The clothing chain American Eagle Outfitters Inc. (AEO) was up 1.38% to $19.15 in the closing session of Friday.
The company has recently released weaker third quarter results, posting declining income and revenues year on year. But the weakened results remained better than the forecast as well as Wall Street estimates which made the stock price to add 3.51% over the past 5 sessions while that has risen by more than 30% since the beginning of the year.
The third-quarter revenues of American Eagle Outfitters decreased 3 percent year-on-year to $1.03 billion compared to a quarter ago sales growth of 15%. Many of the company’s stores were open again in the summer, but sales in the largest stores dropped by 11 percent year-on-year due to decreased foot traffic in shopping centers. Some of the losses, however, were offset by solid Aerie brand sales and e-Commerce. In the past year these segments of American Eagle Outfitters added 34 percent and 29 percent respectively.
Earnings from American Eagle Outfitters were $0.35 per share, higher than the expectations of Wall Street. GAAP earnings decreased to $0.32 per share year-on-year by 33 percent.
Traditionally, the fourth quarter in the US is characterized by high buying activity, but due to the second wave of the COVID-19 pandemic, this year may vary from previous years.
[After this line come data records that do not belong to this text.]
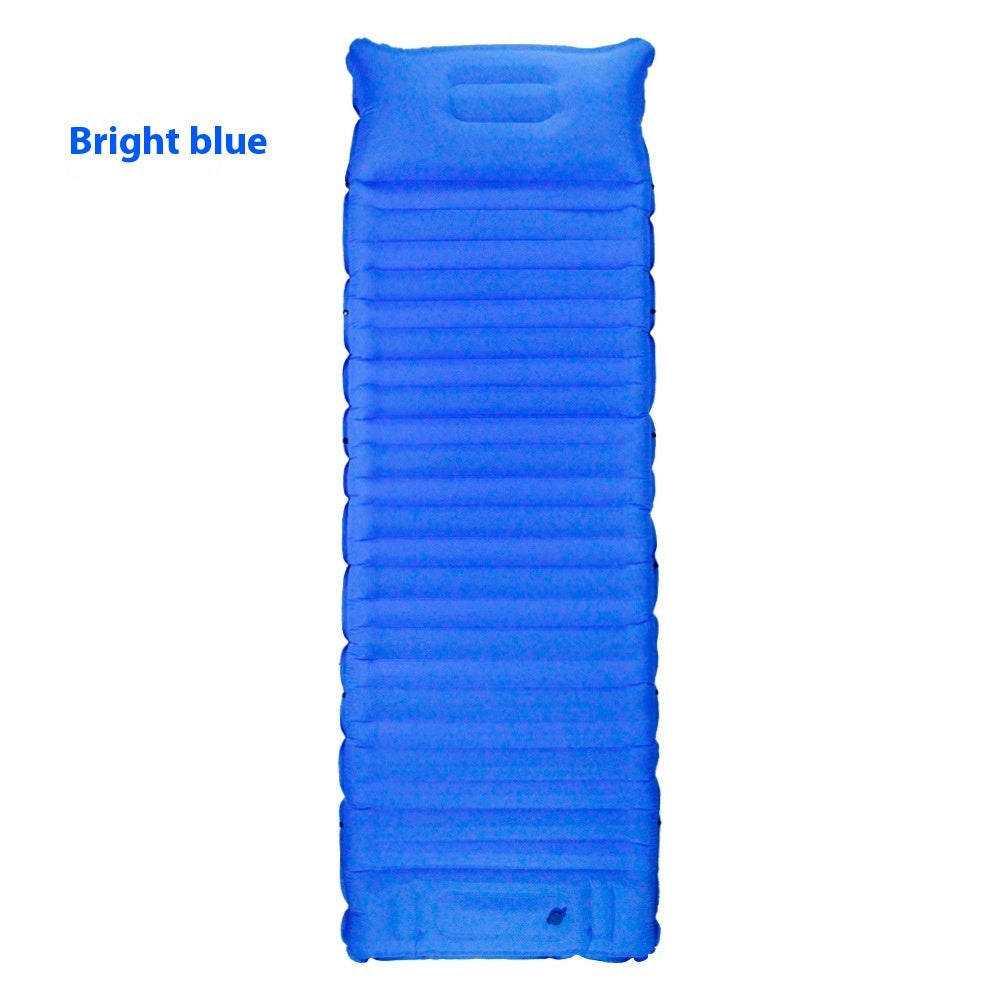 Outdoor Camping Airbed 40D Nylon Foot Airbed Mat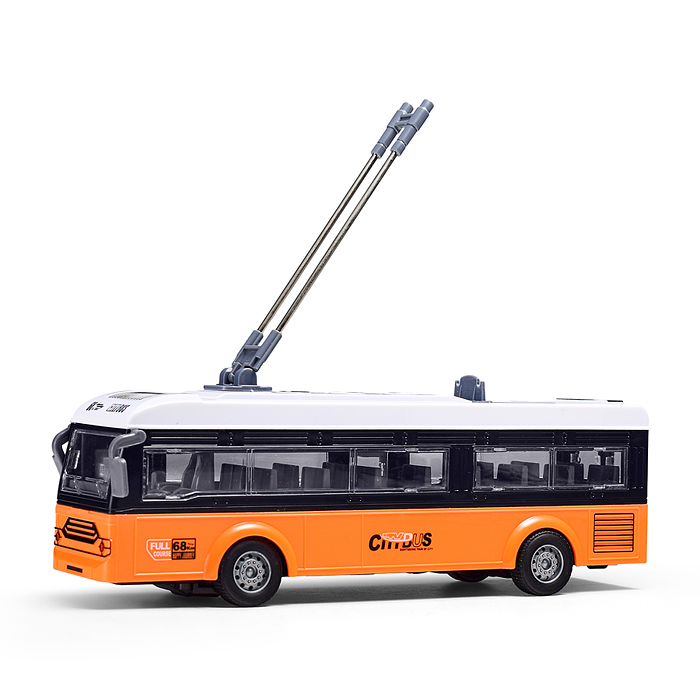 Машина BJL047 "Городской транспорт" р/у, 27 MHz, в коробке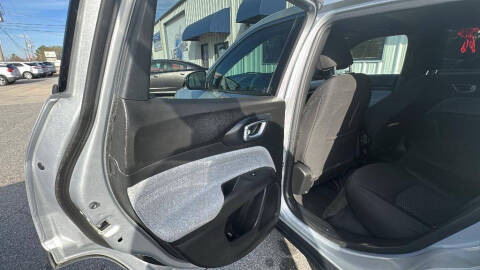 2024 Jeep Compass Sport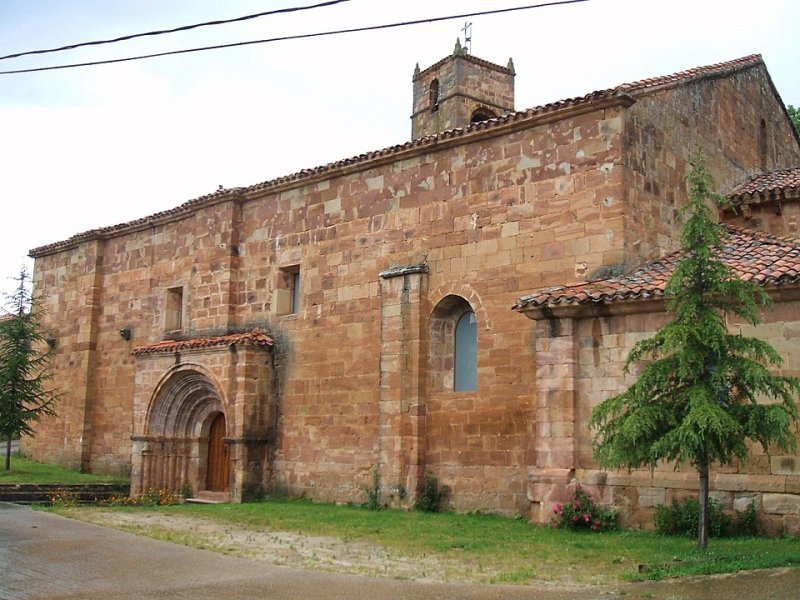 Imagen de San Millán de Lara - Ciudad con cartelera teatral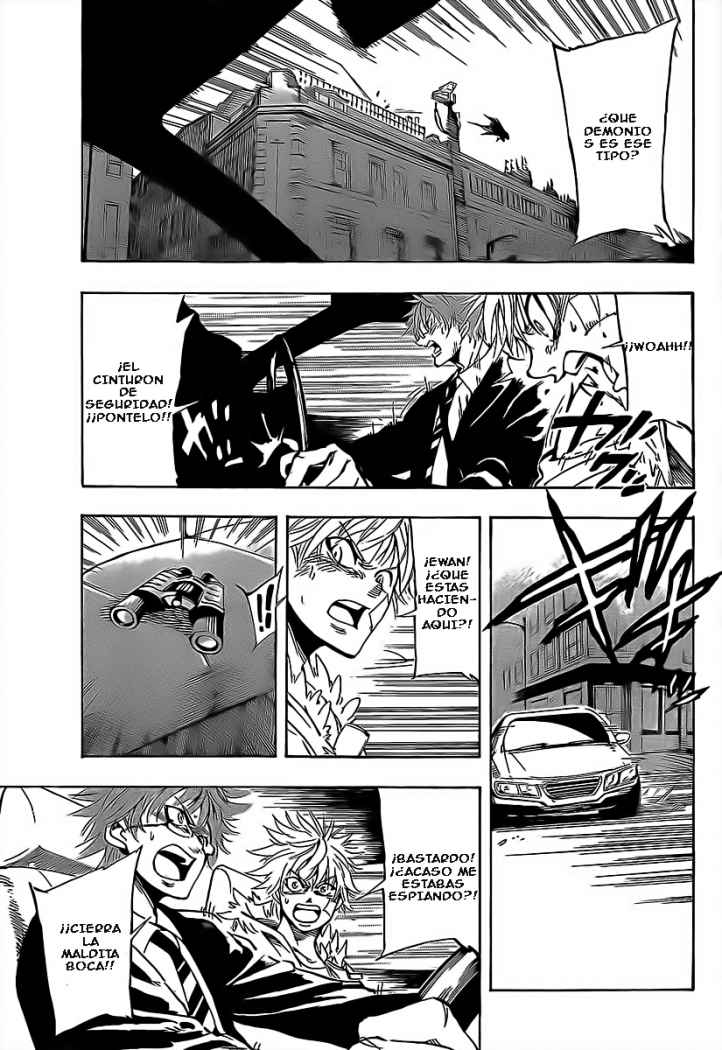 AR∀GO - London Shikei Tokushu Hanzai Sousakan Ch. 1 第28页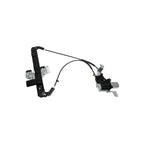 Power Window Regulator Set for Chevrolet Tahoe (2000–2006) Rear with Motor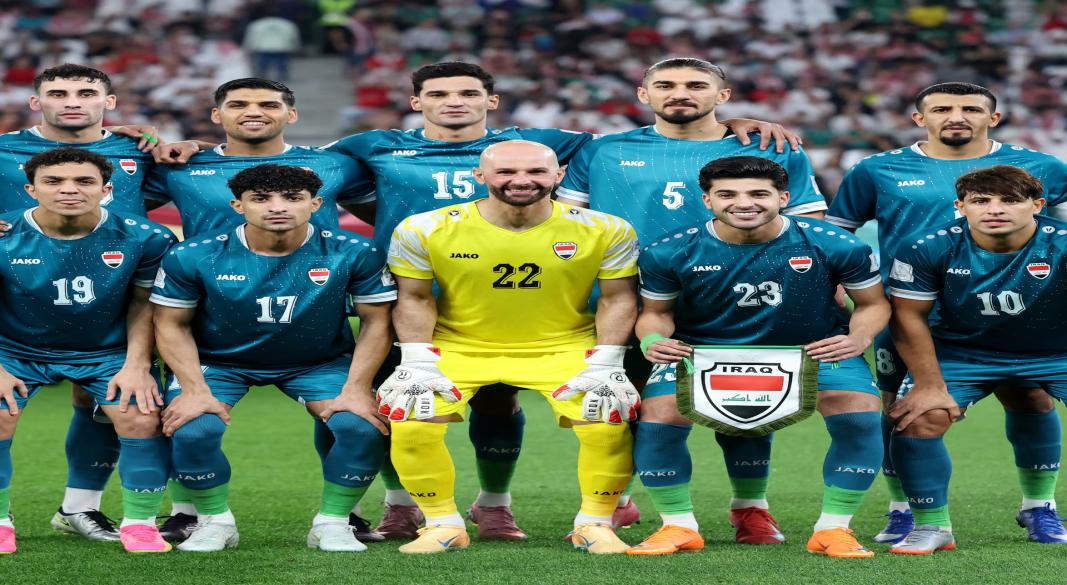 المنتخب العراقي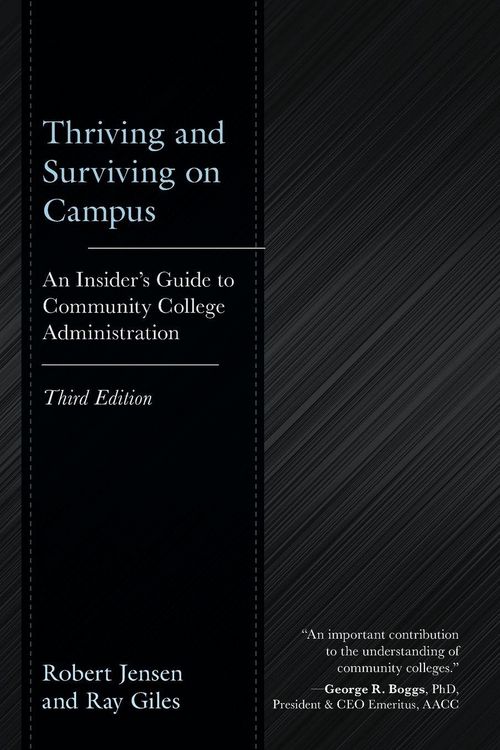 Produktbild: Thriving and Surviving on Campus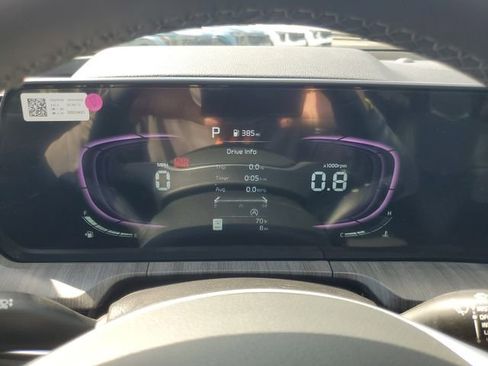 New 2025 Kia Telluride EX image 24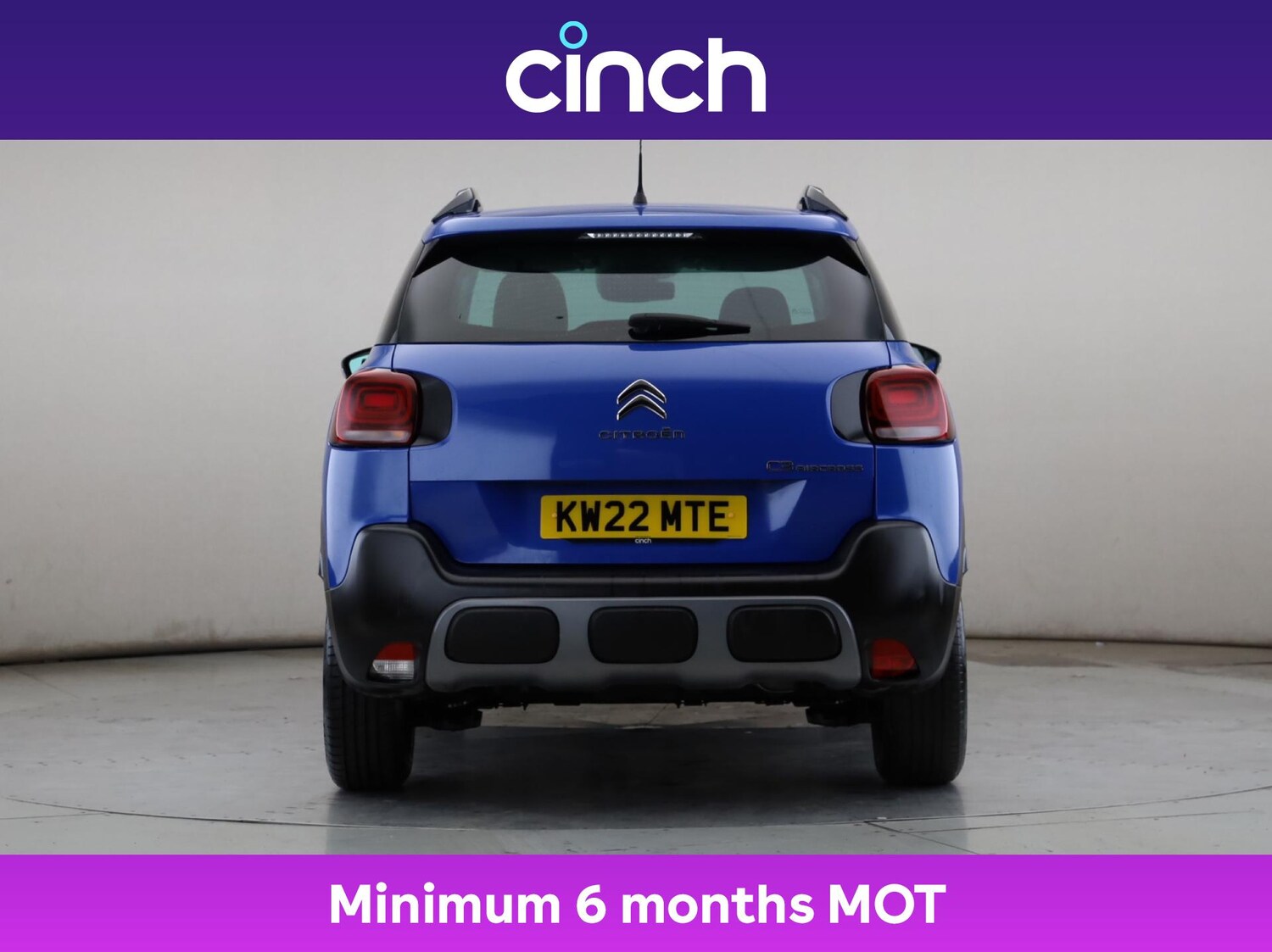 Used Citroen C3 Aircross 2022 for sale - 76514734: Photo 5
The company is not committed to project the effect of this factor, so it does not have a forecast for the fourth quarter and the year as a whole. Wall Street analysts however are generally positive about the US apparel sales rebound and consider American Eagle Outfitters to be one of the possible beneficiaries.
Today the company has more than 930 branded American Eagle Outfitters stores and more than 330 branded Aerie stores. American Eagle Outfitters Inc. (AEO) is one of the most popular brands among teenagers: in the Piper Jaffray survey, the company was ranked second (after Nike).